Jim Rivers: Airport Vultures
In many ways, Jim Rivers' Airport Vultures is a prototypical artist album by an electronic dance music artist-DJ. The debut album release showcases multiple sides of its creator (who also produces music under the Suelo name), encompassing as it does the full spectrum of styles associated with house and techno music and doing so in a rather overlong package (in this case seventy-four minutes). Tracks are plentiful in number (thirteen in total), production quality is high, and the sequencing is carefully considered. Six years on from his 2006 debut single Restore (Saw Recordings) and with no shortage of chunky synths, skipping drum machine beats, and wiry bass lines spilling out of Rivers' home studio, Airport Vultures makes for a strong addition to Carl Cox's Intec imprint.

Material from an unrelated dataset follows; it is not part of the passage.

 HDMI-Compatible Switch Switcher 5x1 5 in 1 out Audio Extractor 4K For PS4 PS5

The strings-laced overture “Miles Away” gently eases the listener into Rivers' refined universe of rich electronic sounds and dance rhythms. Artist albums by dance music producers often begin with an intro and Airport Vultures is no exception. We turn to the second cut, “Pheonix” [sic], then, in order to derive a clearer sense of the style of both the producer and the album, and what we find is a predictably polished sampling of vibrant acid-house, maximal in design and verging on trance-like in its uplifting spirit (much like the also-blissful “Nearly There”). Drenched in creamy synths and claps, the track offers a good example of Rivers' hard-grooving style, but as good as it is, it's bettered by “We Can Do This All Night,” a sexy and slinky acid-house raver that Rivers cranks up repeatedly and lets swing mightily. Funky, too, are the slow-builder “Sleepless in Detroit” and jacking title track, which come at the listener in cresting waves and are two of the album's most potent house tracks.

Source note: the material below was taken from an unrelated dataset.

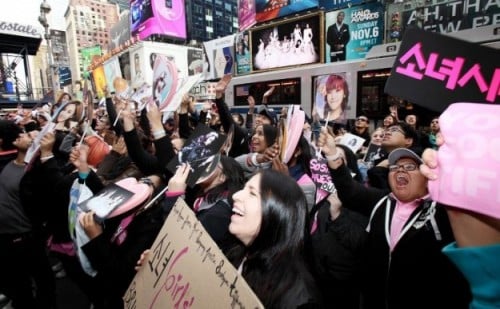 K-pop Fans in Time Square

Dub production touches—echo and reverb, specifically—seep into “On the Line,” but it's the bass lines that kick in after the drop-outs that turn the tune into one of the album's funkiest and most club-ready; a seductive stream of piano chords, claps, and hi-hats also deepens the cut's impact and heightens its allure. Rivers sometimes includes a vocal as ornamentation, often nothing more complicated than a chant of the track's title (e.g., “Your Love Uhh”), as a way of enhancing the material with an extra layer of stimulation. Sultry synth atmospherics and an enticing vocal line find “When I Needed You” taking a page out of Superpitcher's book in one of the album's most appealing settings.
His tracks are more slick than raw, but slick needn't mean bloodless or antiseptic, and the album includes only one misfire: the closer “Bells,” a more jazz fusion-styled number that overshadows an appealing piano part with too-busy acoustic drum playing. Rivers also boldly titles one of the tracks “Product,” but he needn't worry about anyone calling him on it: Airport Vultures might be many things, but product it assuredly ain't.